NATSO, the national association representing truckstops and travel plazas, and a coalition of trade associations urged Congress to extend the biodiesel blenders’ tax credit as it considers tax reform legislation, and ultimately phase it out.
In letters to Members of the Senate Finance Committee and the House Ways and Means Committee, NATSO urged lawmakers to refrain from changing the existing biodiesel tax credit structure, arguing that the biodiesel tax credit is helping to displace traditional petroleum-based fuel with a cleaner-burning substitute.

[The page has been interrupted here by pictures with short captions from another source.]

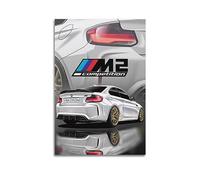 NOHF Poster de voiture de sport pour BMW M2 - Impression d'art mural rétro esthétique - Décoration de chambre ou de bureau - 20 x 30 cm - Style sans cadre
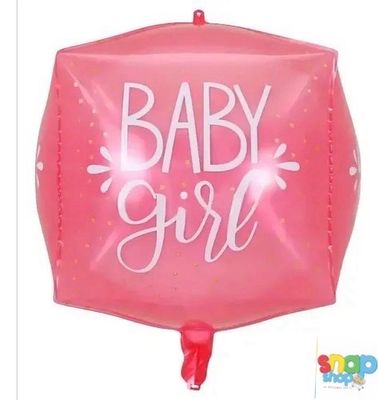 Globo Cubo Baby Girl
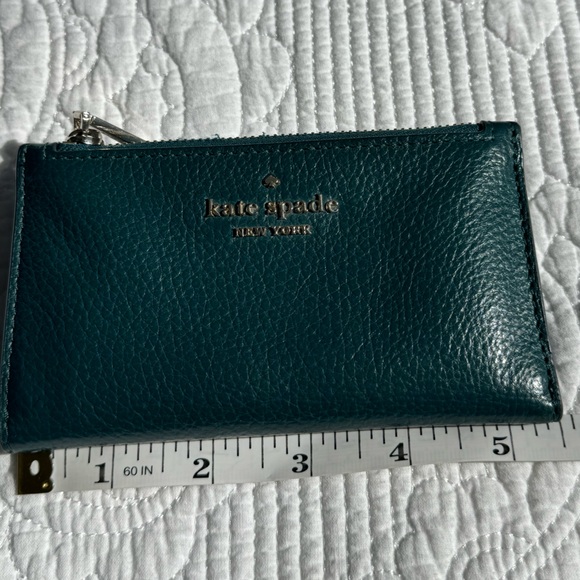 Kate Spade Bi-fold Wallet Green Leather - Picture 5 of 6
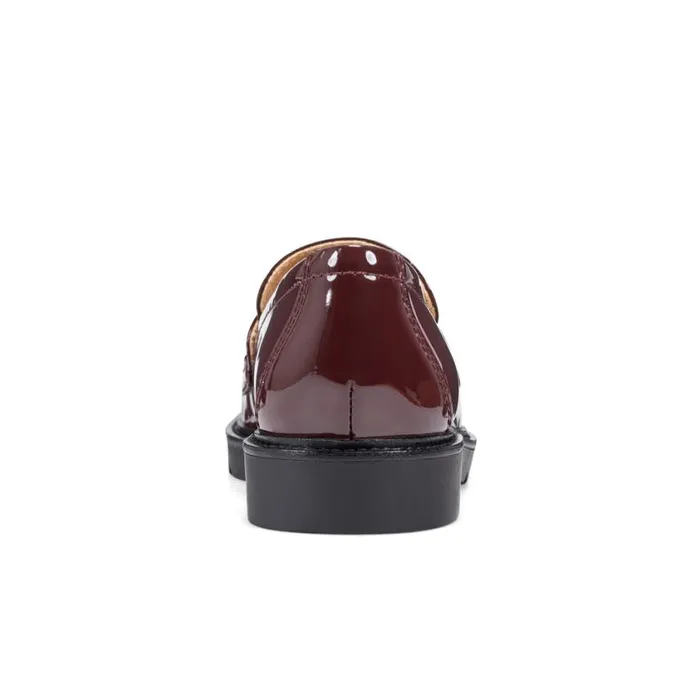 Rockport Loafers Women Kacey Tassel Oxblood Patent Rockport Loafers Women Kacey Tassel Oxblood Patent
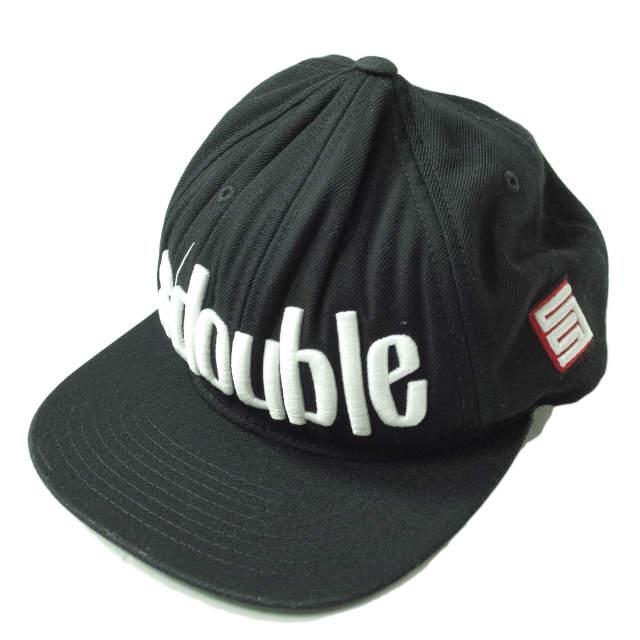 S/DOUBLE エスダブル MARKER BALLCAP ロゴ刺繍 6パネルキャップ Free ブラック ベースボールキャップ YUPOONG 帽子 g7985 | 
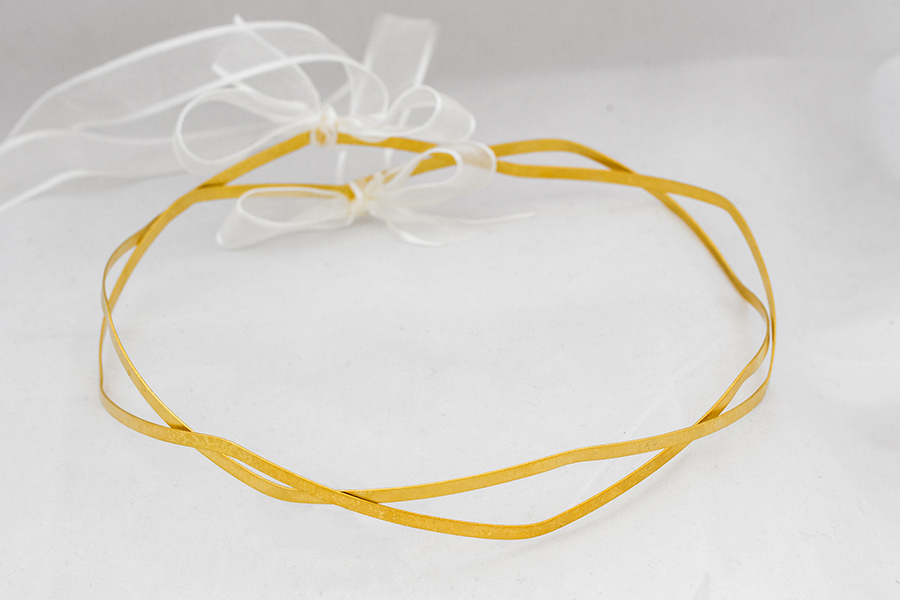  - Χειροποίητα ασημένια στέφανα γάμου 925° επιχρυσωμένα Α-568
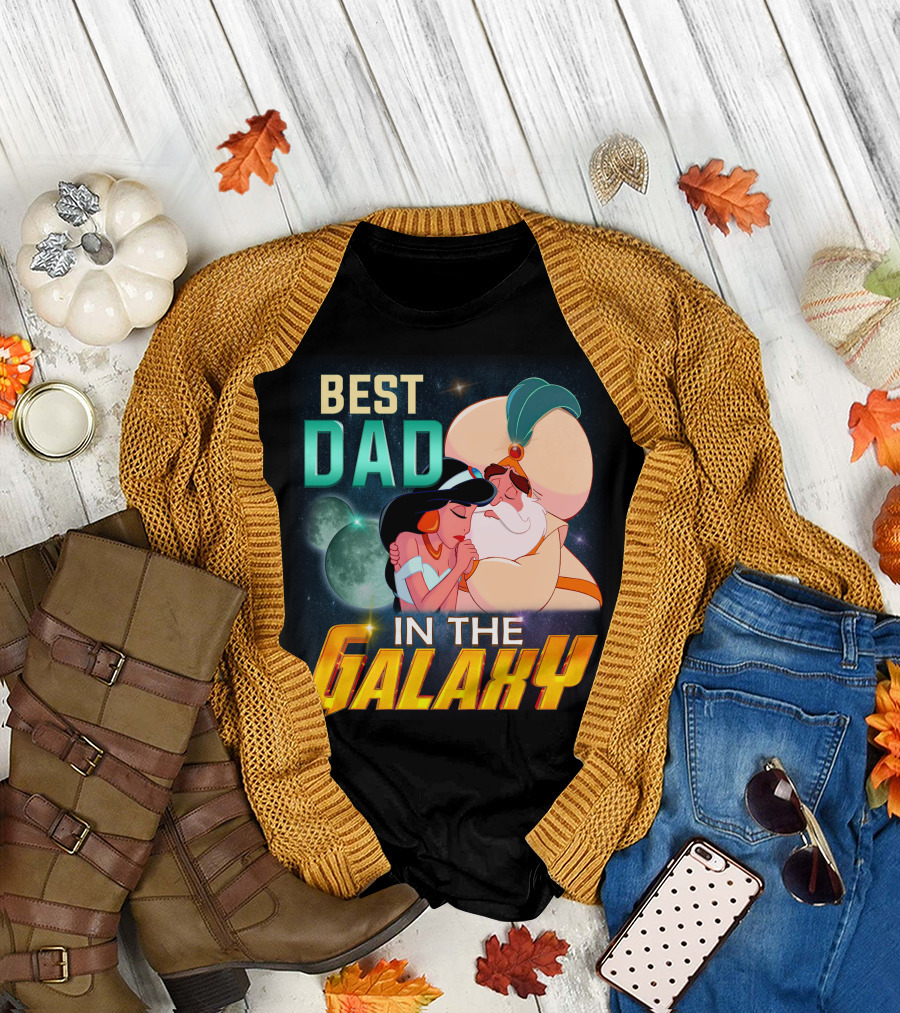 Best Dad In The Galaxy Jasmine And Her Father T-Shirt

Recently, there has been a coordinated effort by a group of lawmakers representing states where biodiesel is produced and where its feedstock is grown to convert the biodiesel blenders’ tax credit to a producers’ credit. This effort is supported by the National Biodiesel Board (NBB). See the rebuttal HERE.
“A producer’s credit would be horrible for consumers and the American economy,” said NATSO President and CEO Lisa Mullings. “For the vast majority of consumers, the difference of just a few pennies in the price of a gallon of fuel can affect whether or not they decide to make a purchase. The biodiesel tax credit helps fuel retailers to sell biodiesel at a cost that is competitive with traditional diesel. If the price of biodiesel is no longer on par with the price of diesel, consumers won’t be inclined to buy it. Congress has already considered—and rightly rejected—past efforts to shift the biodiesel blenders’ tax credit to the producer’s credit. We strongly urge you to again reject efforts to alter what continues to be sound public policy.”
Since 2005, the $1.00 per gallon biodiesel blenders’ tax credit has helped fuel retailers to sell biodiesel at a price that is cost competitive with diesel, thereby incentivizing consumer consumption. This tax credit expired at the end of 2016. Extending and phasing out the biodiesel blenders’ tax credit is needed to provide blenders, producers and consumers with necessary certainty to realize the environmental and cost benefits that the credit was designed to accomplish, while at the same time convert to a more market-based, fiscally sound system where the product can thrive long-term without direct government support.
Converting the tax credit from a blenders’ credit to a producers’ credit would hinder this effort by driving up biodiesel prices to a degree that would diminish consumer interest in the product, ultimately impeding U.S. efforts to advance the utilization of cleaner-burning fuels.
NATSO was joined by the Advanced Biofuels Association, the American Trucking Associations (ATA), National Association of Convenience Stores (NACS), Petroleum Marketers Association of America (PMAA), and the Society of Independent Gasoline Marketers of America (SIGMA) in signing the letter.